Sonia Sotomayor's critics and backers have spent the last two weeks parsing one line of a speech she gave in 2001 during a conference at Berkeley on Latino representation on the judiciary."I would hope," she said,"that a wise Latina woman with the richness of her experiences would more often than not reach a better conclusion than a white male who hasn't lived that life."

The quote prompted cannon fire from Rush Limbaugh and Newt Gingrich, who equated the sentiment with a kind of racism (although Gingrich later dialed back his rhetoric). Equally telling has been the reaction to the reaction — the White House and Sotomayor's Democratic supporters have backtracked on the seemingly simple idea that what she would bring to the Supreme Court is not just her Yale law degree, but also her Bronx-Puerto Rican life narrative.

"What she said was, of course, one's life experience shapes who you are, but ultimately and completely — and she used those words 'ultimately and completely' — as a judge you follow the law," Sen. Patrick Leahy, chairman of the Judiciary Committee, recounted to the media after he met with Sotomayor last week."There's only one law. And she said 'ultimately and completely,' a judge has to follow the law no matter what their upbringing has been."
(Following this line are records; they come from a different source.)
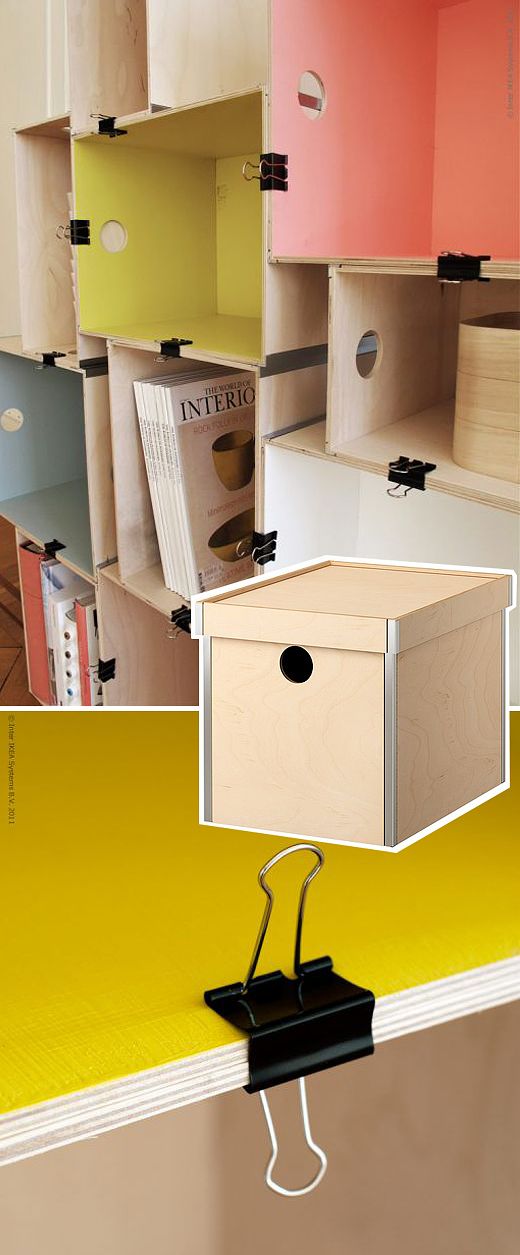 a bookcase made ​​of IKEA's boxes and binder clips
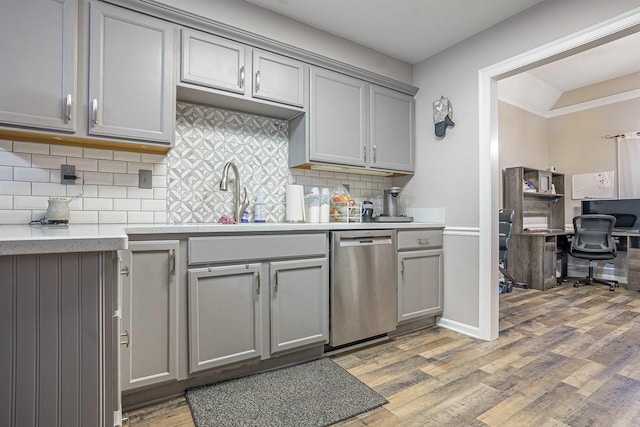 kitchen featuring light hardwood / wood-style flooring, dishwasher, gray cabinetry, backsplash, and ornamental molding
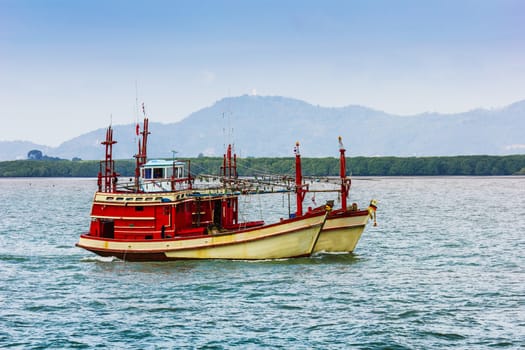 Boats at sea against the rocks in Thailand. Phi Phi Island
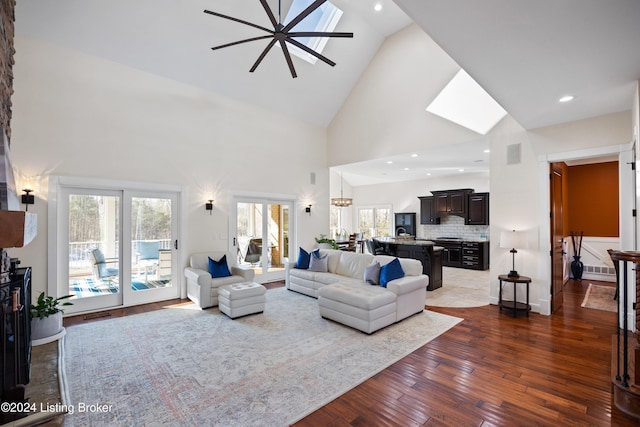 living room with a notable chandelier, dark hardwood / wood-style flooring, and high vaulted ceiling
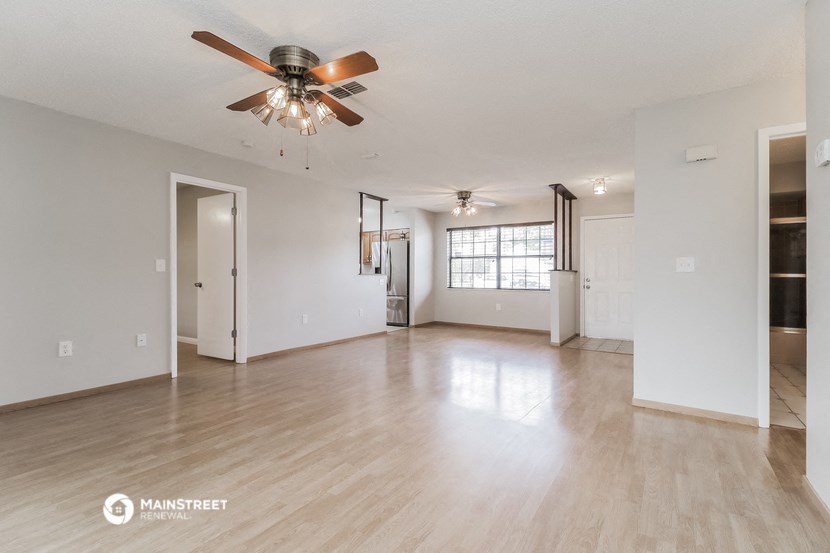 the living room and dining room of an empty house with a ceiling fan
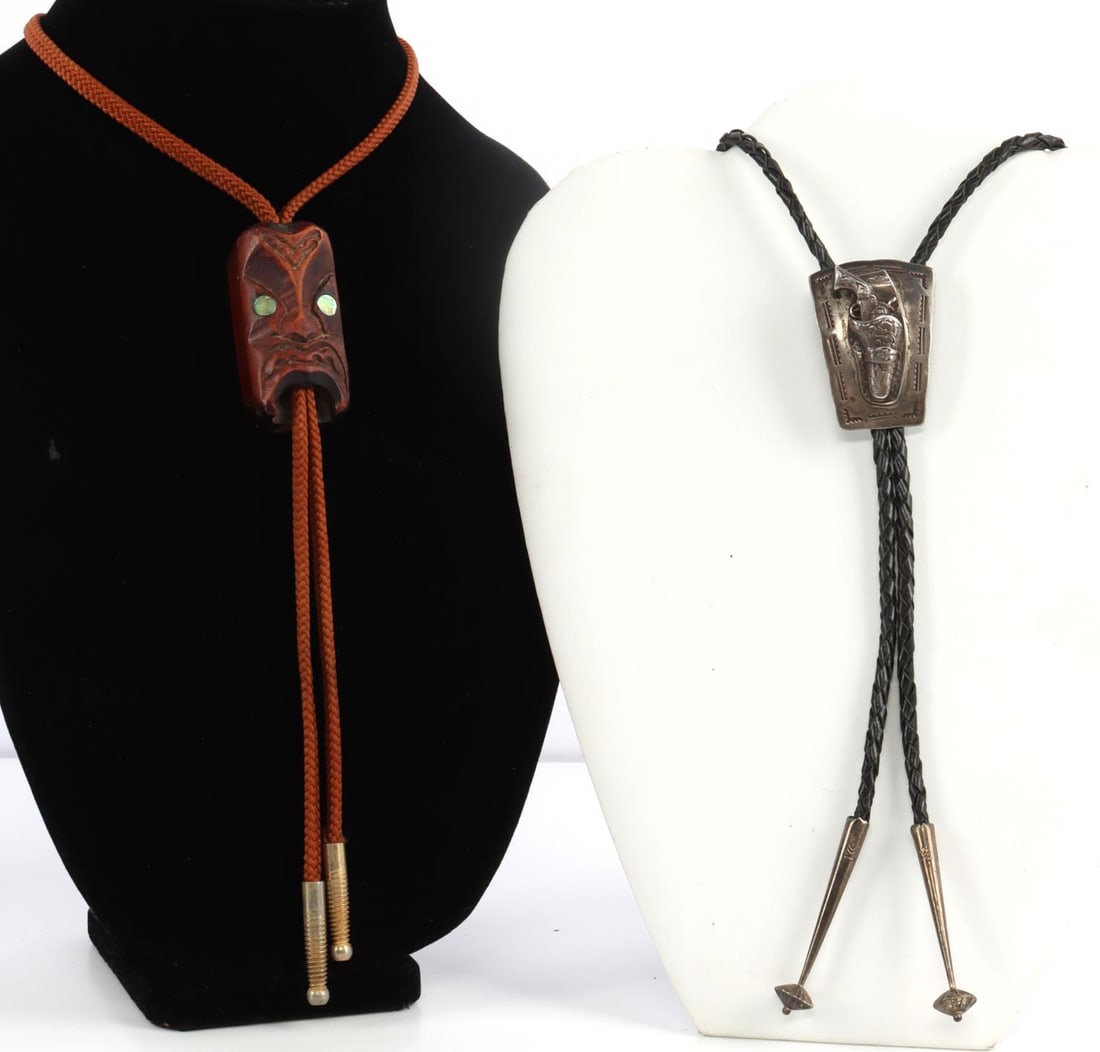 2 BOLO TIES SILVER SINGLE ACTION MAORI NEW ZEALAND: Silver single action revolver, reverse signed with fish image, and Maori, Moko, N.Z. wood.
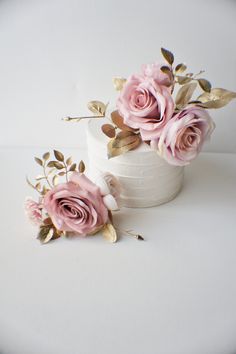 two small white cakes with pink roses on top and gold leafy stems in the middle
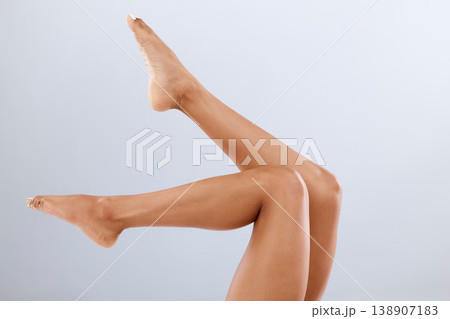 Legs, feet and skincare with beauty and woman, epilation and glow on studio background. Skin, pedicure and wellness for mockup with laser hair removal, waxing and dermatology with cosmetic care 138907183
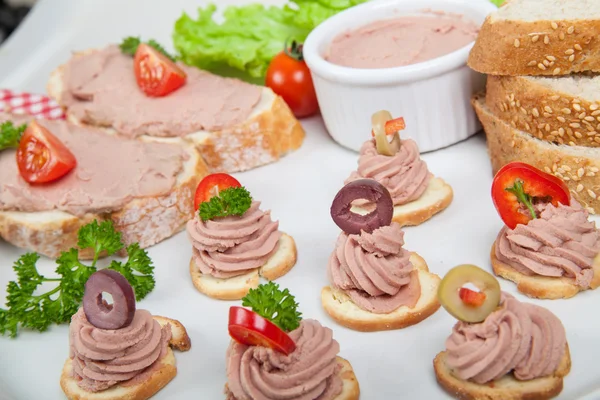 Partij schotel met sneetjes brood met huisgemaakte pate, versierd met groenten — Stockfoto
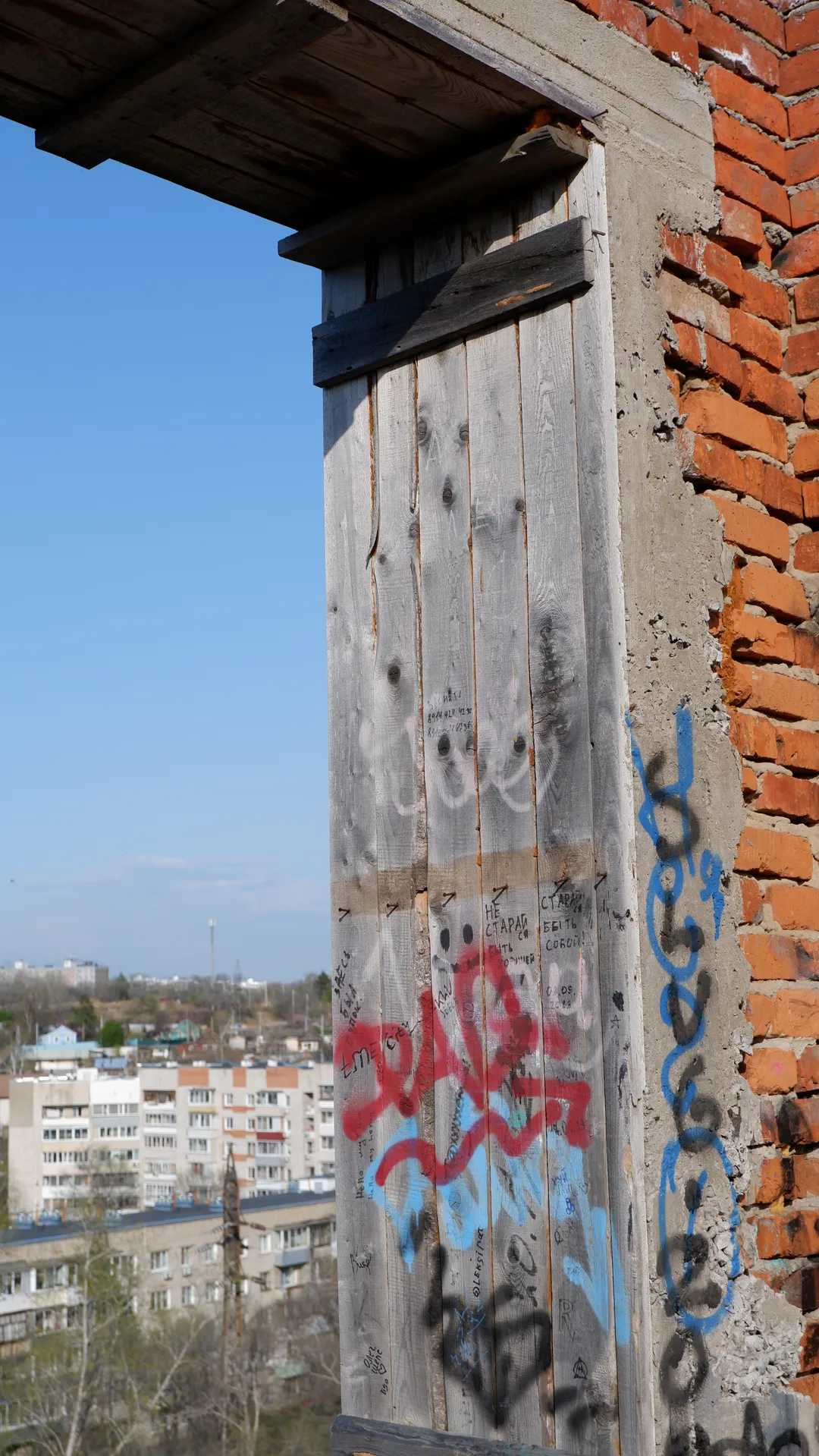 A wooden window with some graffiti on it, made from several vertical wooden planks. Next to the window is a red brick wall, also with some graffiti. Outside the window, there are city buildings and blue skies.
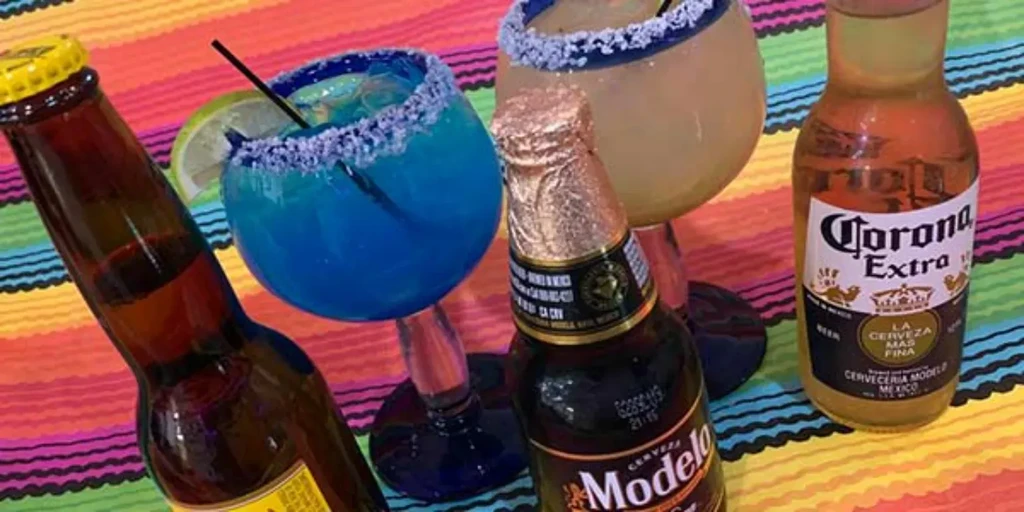 Beers and margaritas on a colorful striped Mexican blanket.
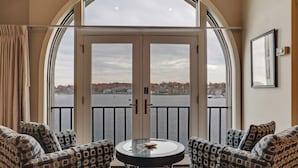 Une pièce dotée d’une grande fenêtre en arc de cercle donnant sur un plan d’eau, de deux fauteuils à motifs et d’une petite table ronde.
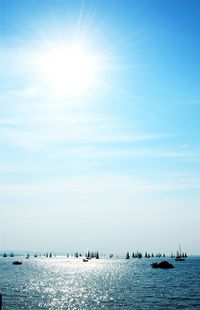 Scenic view of sea against sky on sunny day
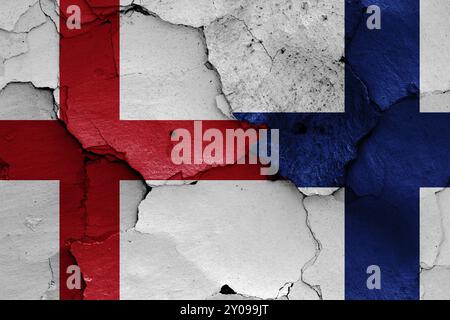 Flags of England and Finland painted on cracked wall Stock Photo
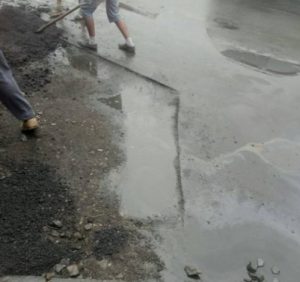 В Ужгороді комунальники засипали асфальт у ями з водою (ФОТО)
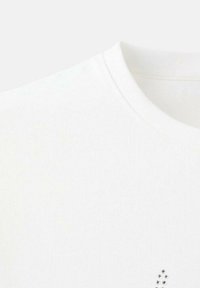 Witte katoenen t-shirt met een ronde hals en kleine strassaccenten vlakbij de onderste rechterkant. Soepele textuur, minimalistisch ontwerp.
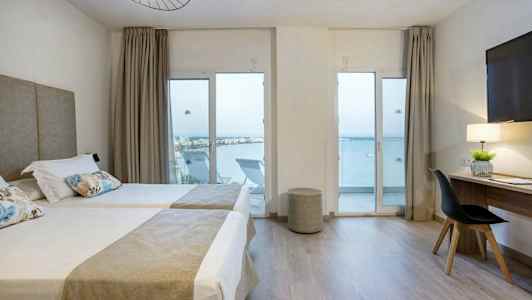 Hotellrom med to enkeltsenger, skrivebord og havutsikt gjennom glassdører. (AI-generert tekst)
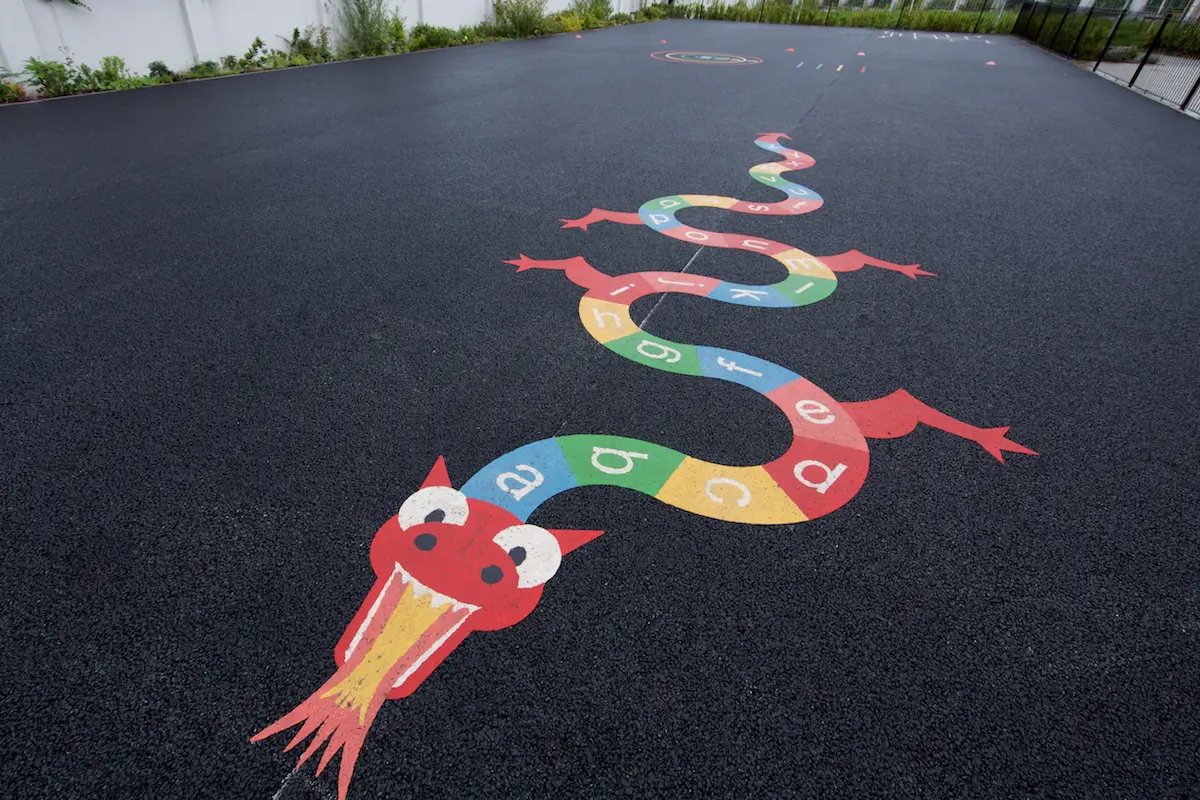 Colourful snake drawing on outdoor play area with the alphabet on it's body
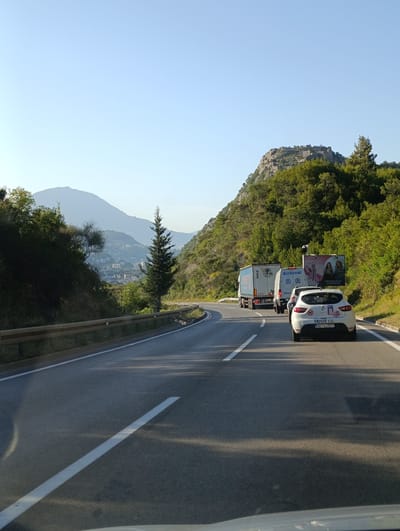 A white car with license plate NK-CU577 is traveling on a road in Zagrađe, Montenegro. The car is following a truck with a white trailer and a white van. There is a billboard on the right side of the road, which advertises "bloomuro". The road is paved and has white lane markings. The area is mountainous with lush green trees. In the background, there is a city with buildings and a large mountain range. The sky is clear and blue.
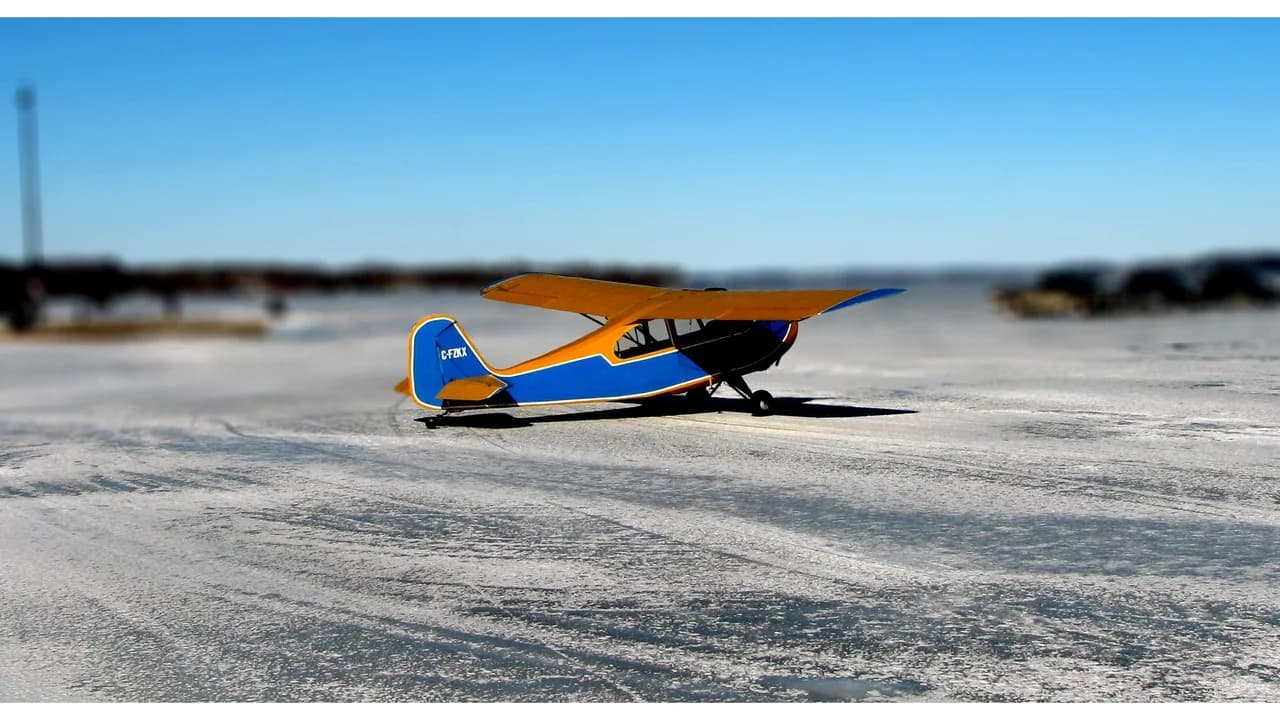 A small plane on the frozen surface of Lake Scugog under a clear blue sky; no people visible.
Leahy's comments, as much as Limbaugh's, put life experience and faithfulness to the law on opposite ends of a spectrum of judicial influence, suggesting a judge can draw from one or the other, but not both. In fact the opposite view — that justices inherently sift cases through their varying worldviews — prevailed throughout the last century (and even in a Supreme Court decision this week), prompting a couple of questions ahead of Sotomayor's confirmation hearings this summer:

Why is this idea suddenly so thorny? And don't we want a Supreme Court staffed with jurists who have a common deference to the Constitution but a varying set of backgrounds from which to approach it?

From the 1880s until about 2000, said Harvard law professor and Supreme Court historian Mark Tushnet, the idea that a judge's background would influence how he or she approached cases — and that this was desirable — was conventional wisdom. The court for years even followed a kind of enforced diversity, drawing justices from the geographic regions that captured some of the country's biggest disagreements, with plantation owners in the South, industrialists in the Northeast and ranchers to the West.

Other types of biography weighed heavily, too. Michal Belknap, a historian and law professor at California Western School of Law, is writing a biography of Justice Tom Clark, who was appointed to the court in 1949 after practicing oil and gas law.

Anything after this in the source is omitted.